**ACTION ITEM:** Among the entries below, how many lines include the string "concept"? Answer with only the number.

Short web captions
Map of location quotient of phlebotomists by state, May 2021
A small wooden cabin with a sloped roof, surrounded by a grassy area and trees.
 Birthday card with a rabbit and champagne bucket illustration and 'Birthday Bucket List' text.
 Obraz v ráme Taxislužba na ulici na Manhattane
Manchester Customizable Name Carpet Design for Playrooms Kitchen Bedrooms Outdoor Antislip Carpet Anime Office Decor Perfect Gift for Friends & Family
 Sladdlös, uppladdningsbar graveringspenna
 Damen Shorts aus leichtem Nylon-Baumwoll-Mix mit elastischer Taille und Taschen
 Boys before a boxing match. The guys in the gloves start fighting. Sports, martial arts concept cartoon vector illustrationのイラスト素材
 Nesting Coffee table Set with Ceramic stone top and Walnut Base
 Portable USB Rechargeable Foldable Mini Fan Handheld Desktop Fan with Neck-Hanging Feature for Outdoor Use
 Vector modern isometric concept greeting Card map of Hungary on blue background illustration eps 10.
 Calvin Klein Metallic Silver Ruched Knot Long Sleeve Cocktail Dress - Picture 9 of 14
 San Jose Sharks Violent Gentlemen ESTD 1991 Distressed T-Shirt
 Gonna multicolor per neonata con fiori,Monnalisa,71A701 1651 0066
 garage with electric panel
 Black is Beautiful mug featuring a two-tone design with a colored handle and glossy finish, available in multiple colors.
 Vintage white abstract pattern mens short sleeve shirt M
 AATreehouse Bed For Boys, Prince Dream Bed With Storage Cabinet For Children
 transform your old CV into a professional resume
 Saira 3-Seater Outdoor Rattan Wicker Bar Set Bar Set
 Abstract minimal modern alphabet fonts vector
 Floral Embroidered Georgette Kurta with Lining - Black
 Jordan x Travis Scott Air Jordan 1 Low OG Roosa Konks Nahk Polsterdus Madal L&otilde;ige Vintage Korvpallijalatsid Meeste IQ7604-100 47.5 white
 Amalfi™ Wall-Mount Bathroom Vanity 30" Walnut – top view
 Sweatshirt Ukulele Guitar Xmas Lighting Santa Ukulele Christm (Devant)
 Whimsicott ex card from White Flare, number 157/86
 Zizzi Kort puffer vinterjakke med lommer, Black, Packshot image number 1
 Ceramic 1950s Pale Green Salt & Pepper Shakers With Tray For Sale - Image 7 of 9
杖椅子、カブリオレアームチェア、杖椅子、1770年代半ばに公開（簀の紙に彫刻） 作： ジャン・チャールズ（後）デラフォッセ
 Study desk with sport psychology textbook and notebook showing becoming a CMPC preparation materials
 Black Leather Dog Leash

**SOLUTION BELOW:** 2